Captioned web images
--- START ---
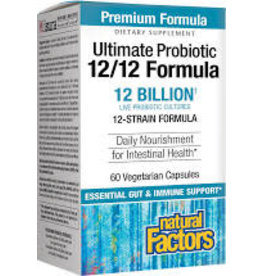 Natural Factors Natural Factors Ultimate Probiotic 12/12 Formula 60vgc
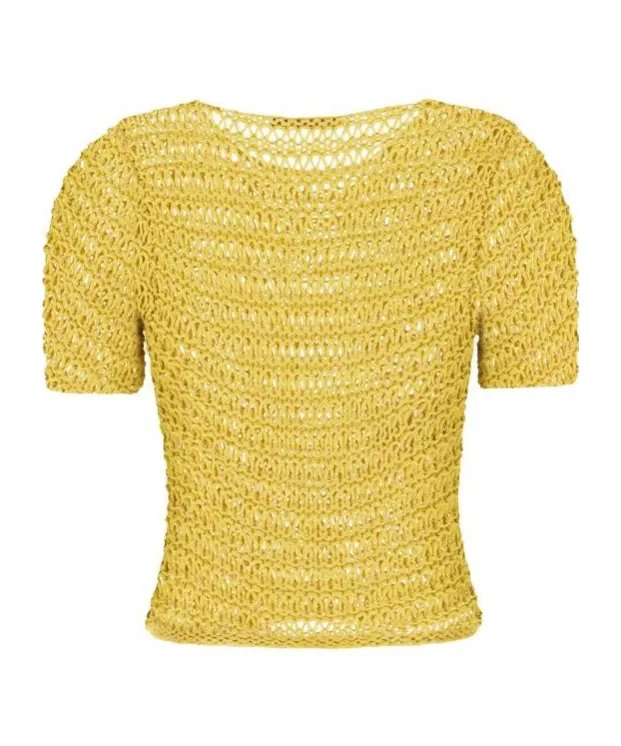 Open-Knit T-Shirt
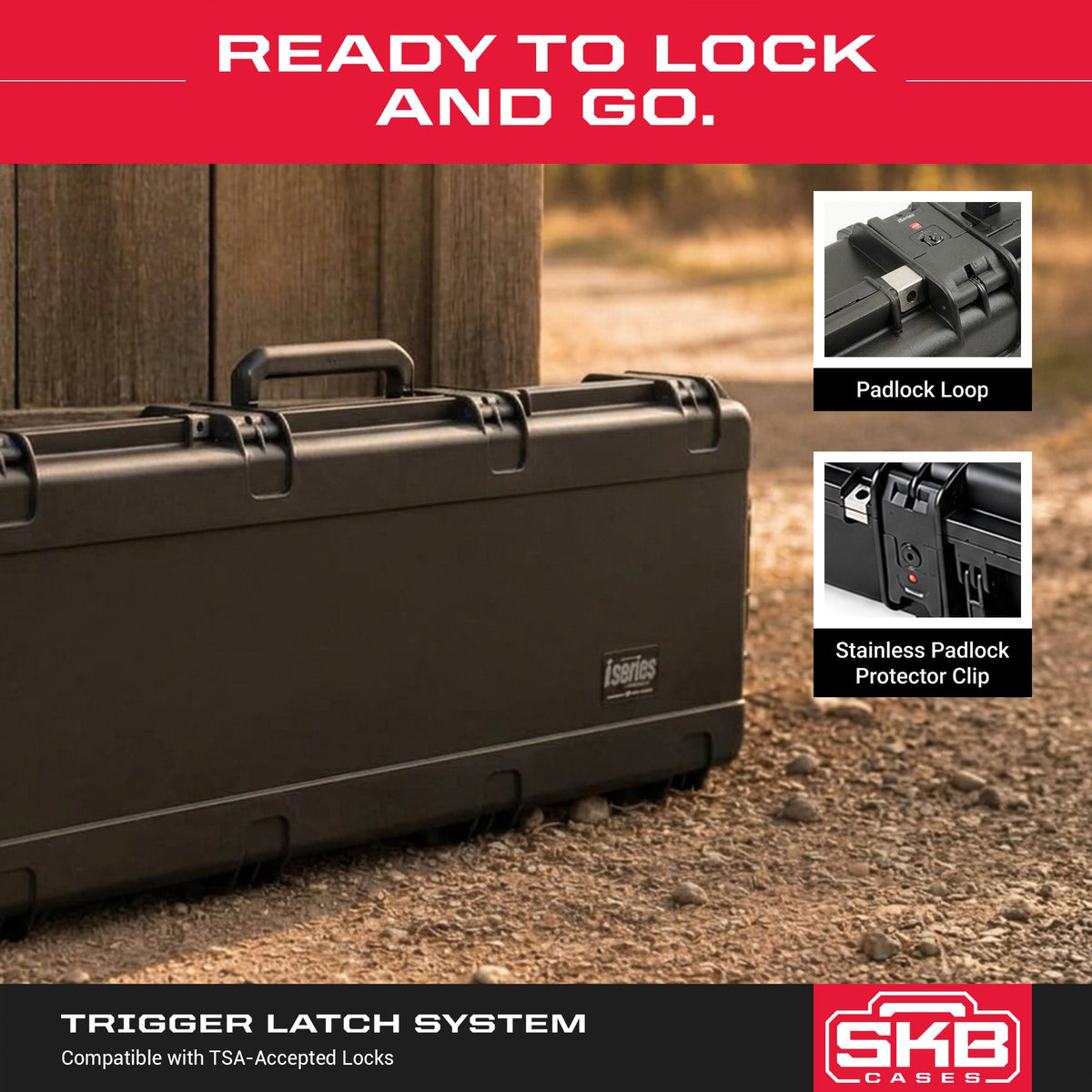 SKB Cases iSeries 4214 Hard Plastic Injection Molded Parallel Limb Bow Case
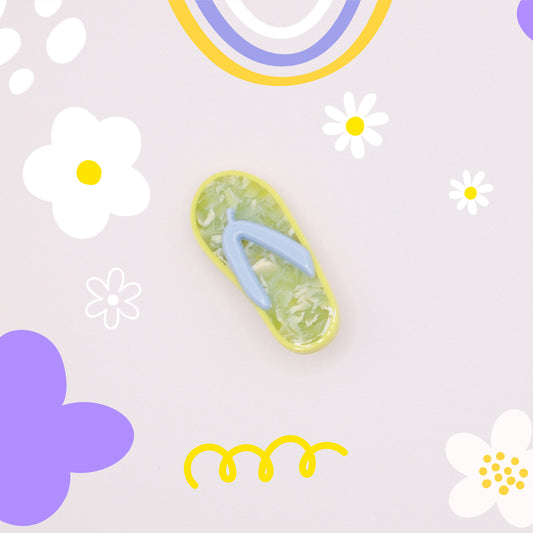 Sage Flip Flop Hair Clip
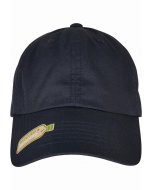 Baseball cap // Flexfit Recycled Polyester Dad Cap navy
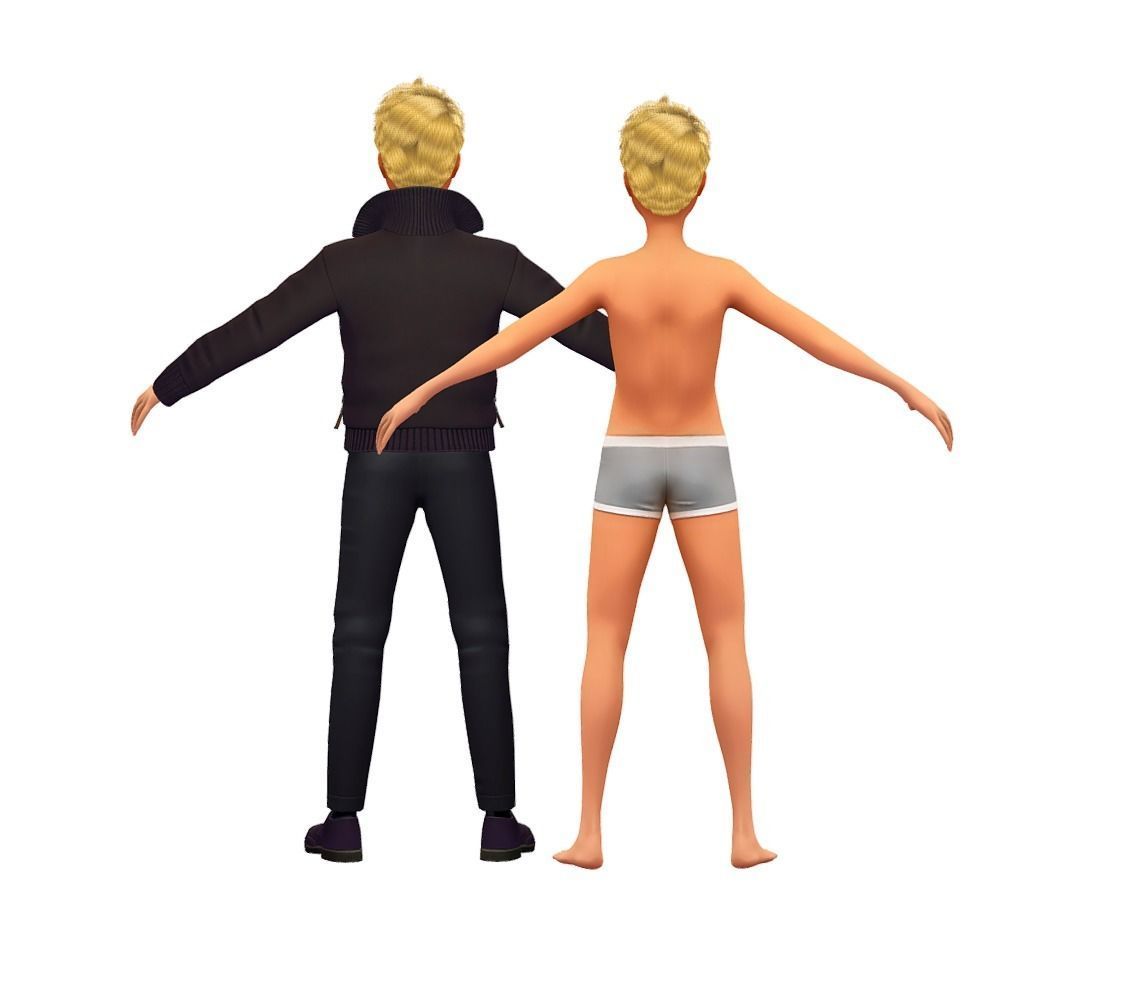 Cartoon Low Poly Style Avatar 004 3D Model Low-poly 3D model_1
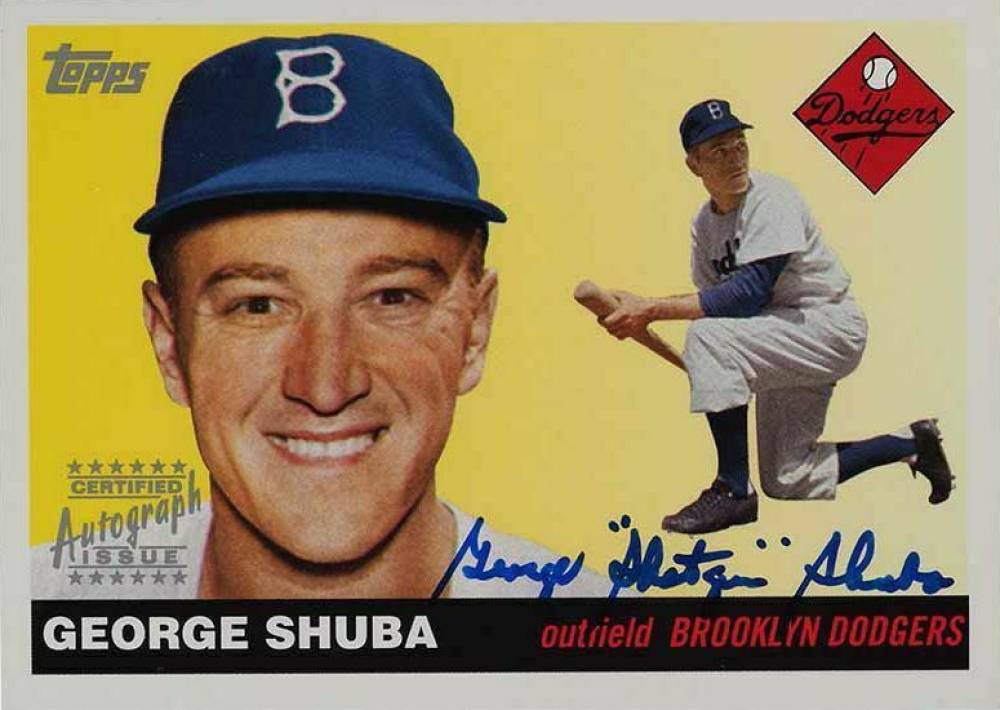 2005 Topps Dem Bums George Shuba #DBAGS Baseball Card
--- END ---
▶ **WORK INSTRUCTION**: Leave out every picture and copy verbatim the lines running from the line containing "SKB Cases iSeries" through the final line of the data.

▶ **FINISHED TASK**:
 SKB Cases iSeries 4214 Hard Plastic Injection Molded Parallel Limb Bow Case
 Sage Flip Flop Hair Clip
 Baseball cap // Flexfit Recycled Polyester Dad Cap navy
 Cartoon Low Poly Style Avatar 004 3D Model Low-poly 3D model_1
 2005 Topps Dem Bums George Shuba #DBAGS Baseball Card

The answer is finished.